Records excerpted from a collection
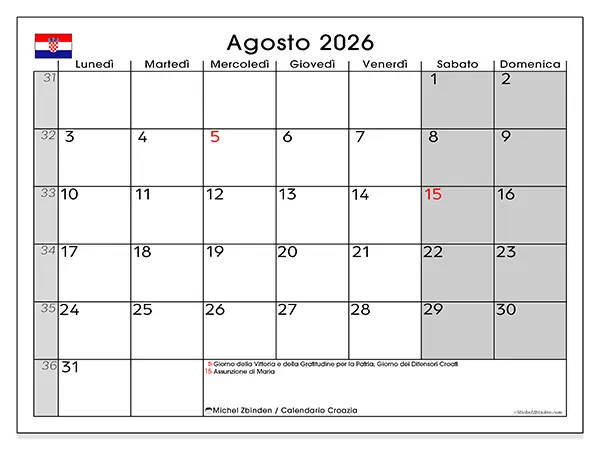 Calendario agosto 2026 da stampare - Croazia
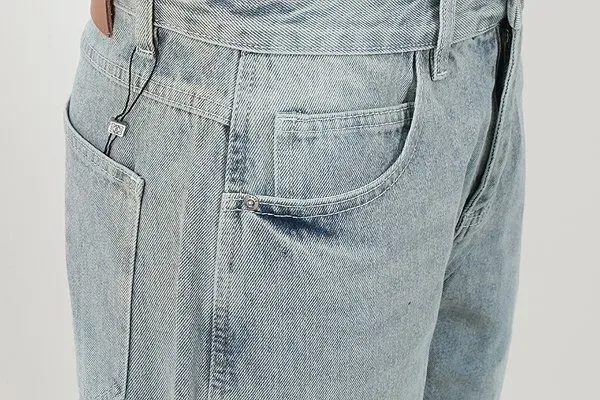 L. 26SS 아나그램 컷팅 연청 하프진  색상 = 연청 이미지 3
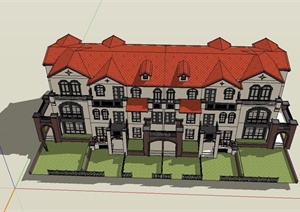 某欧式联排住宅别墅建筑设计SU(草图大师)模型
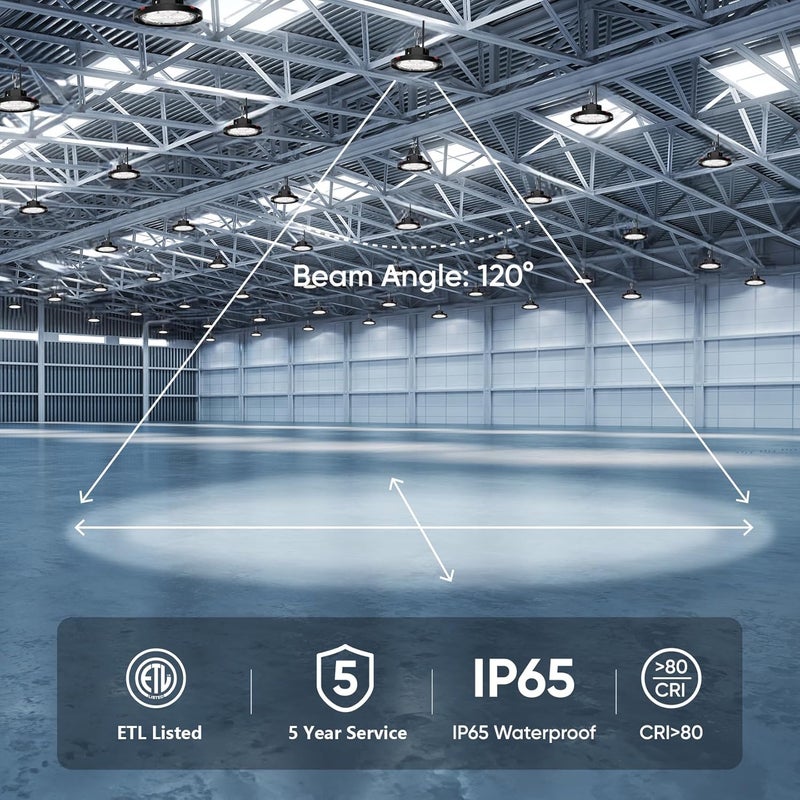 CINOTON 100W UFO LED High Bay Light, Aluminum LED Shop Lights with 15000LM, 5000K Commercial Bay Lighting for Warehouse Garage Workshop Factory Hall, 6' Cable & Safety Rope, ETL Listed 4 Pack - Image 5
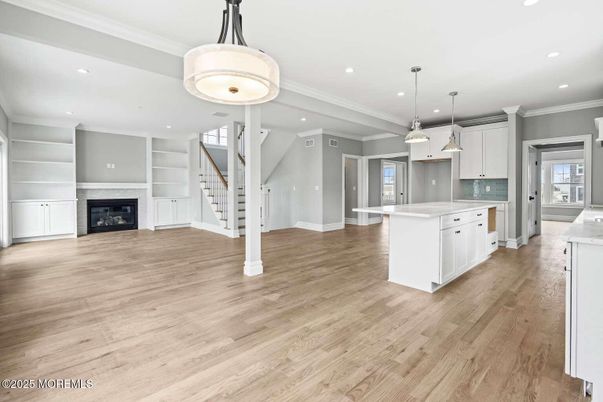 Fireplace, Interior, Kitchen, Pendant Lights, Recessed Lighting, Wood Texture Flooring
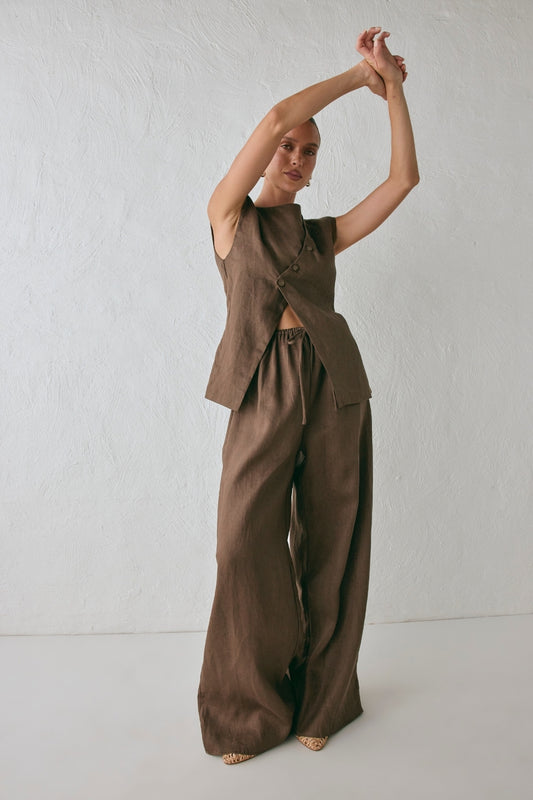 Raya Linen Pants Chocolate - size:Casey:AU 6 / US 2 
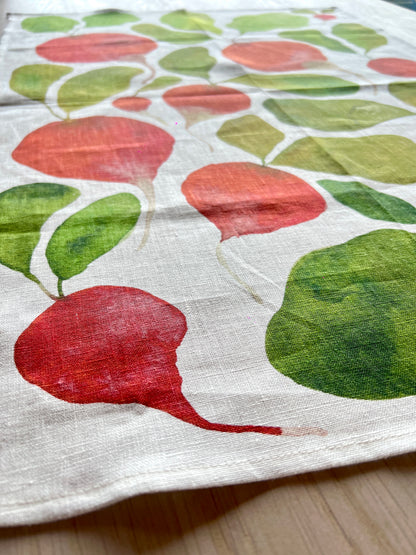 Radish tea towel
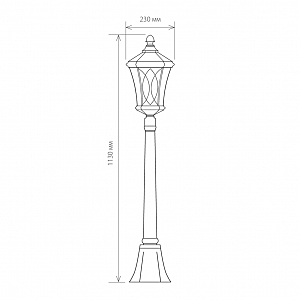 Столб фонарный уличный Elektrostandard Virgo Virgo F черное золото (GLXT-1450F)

■ To do:
Would you write out each entry word for word and omit the images?

■ Task answer:
 Calendario agosto 2026 da stampare - Croazia
 L. 26SS 아나그램 컷팅 연청 하프진  색상 = 연청 이미지 3
 某欧式联排住宅别墅建筑设计SU(草图大师)模型
 CINOTON 100W UFO LED High Bay Light, Aluminum LED Shop Lights with 15000LM, 5000K Commercial Bay Lighting for Warehouse Garage Workshop Factory Hall, 6' Cable & Safety Rope, ETL Listed 4 Pack - Image 5
 Fireplace, Interior, Kitchen, Pendant Lights, Recessed Lighting, Wood Texture Flooring
 Raya Linen Pants Chocolate - size:Casey:AU 6 / US 2 
 Radish tea towel
 Столб фонарный уличный Elektrostandard Virgo Virgo F черное золото (GLXT-1450F)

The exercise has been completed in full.